Conventions Checklist

General

  • Prefer methods and properties over free functions unless: no obvious self, unconstrained generic, or domain notation (e.g. min(x,y,z), print(x), sin(x)).
  • Case: types and protocols UpperCamelCase; everything else lowerCamelCase. Acronyms follow case: utf8Bytes, userSMTPServer; others as words: radarDetector.
  • Methods can share a base name only when meaning is the same or domains are distinct. Avoid overloading on return type.

Parameters

  • Parameter names should read well in documentation (e.g. filter(_ predicate:), replaceRange(_ subRange:, with newElements:)).
  • Use defaulted parameters to simplify common uses; prefer one method with defaults over method families.
  • Put parameters with defaults at the end.
  • Production APIs: prefer #fileID; use #filePath only for dev-only helpers; use #file for Swift 5.2 compatibility.

Argument labels

  • Omit all labels when arguments can’t be distinguished: min(a, b), zip(s1, s2).
  • Value-preserving type conversion initializers: omit first label, e.g. Int64(someUInt32), String(veryLargeNumber, radix: 16).
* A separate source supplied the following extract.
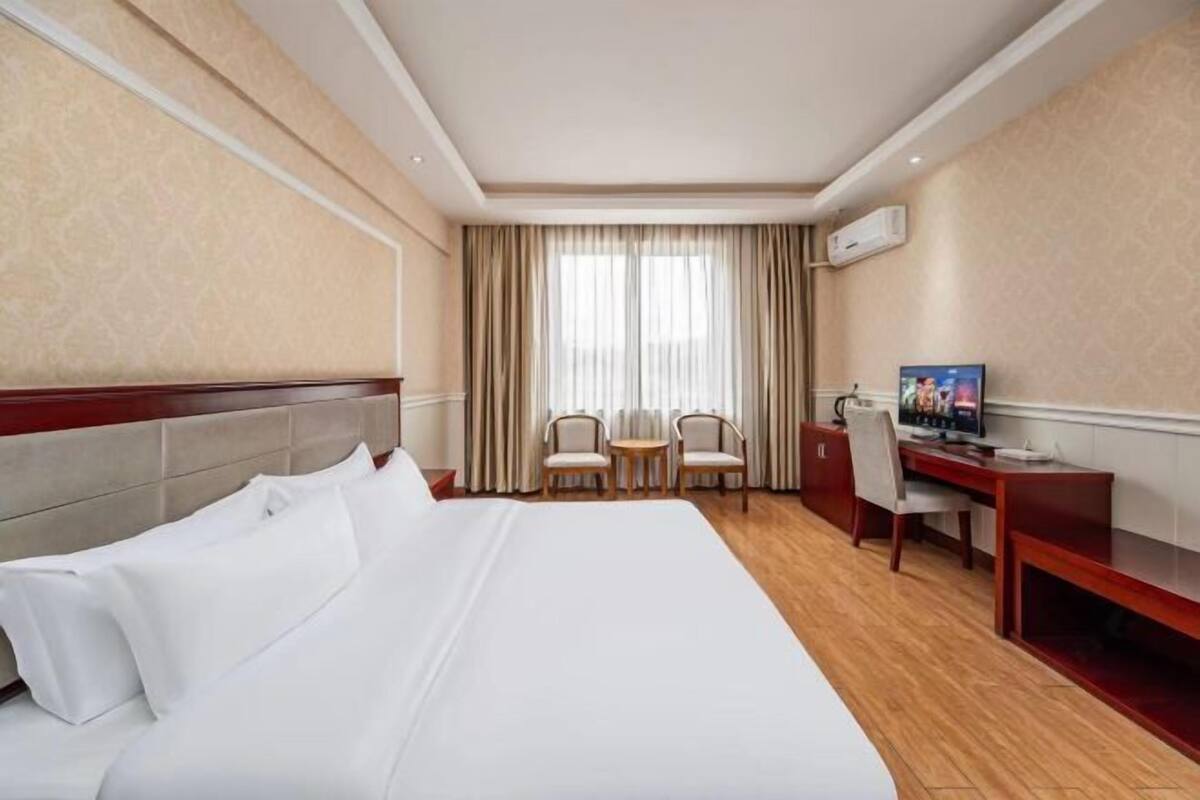 A hotel room with a large bed, a desk, two chairs, a TV, and a window with curtains.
Narrowing conversions: use a descriptive label (e.g. init(truncating:), init(saturating:)).
  • First argument in a prepositional phrase → label starting at preposition: x.removeBoxes(havingLength: 12). Single abstraction (e.g. coordinates) → label after preposition: a.moveTo(x:b, y:c).
  • First argument that completes a grammatical phrase → omit label, e.g. x.addSubview(y). Otherwise use a label: view.dismiss(animated: false), words.split(maxSplits: 12).
  • All other arguments have labels.

Special instructions

  • Name tuple members and closure parameters where they appear in the API.
  • With unconstrained polymorphism (Any, AnyObject, unconstrained generics), avoid overload ambiguity (e.g. name append(contentsOf:) distinctly from append(_:) when Element could be Any).

Doc comment summary rules

  • Function/method: what it does and what it returns; omit void and no-op.
  • Subscript: what it accesses.
  • Initializer: what instance it creates.
  • Other declarations: what the entity is.

Use symbol command bullets when useful: Parameter, Returns, Throws, Note, SeeAlso, etc.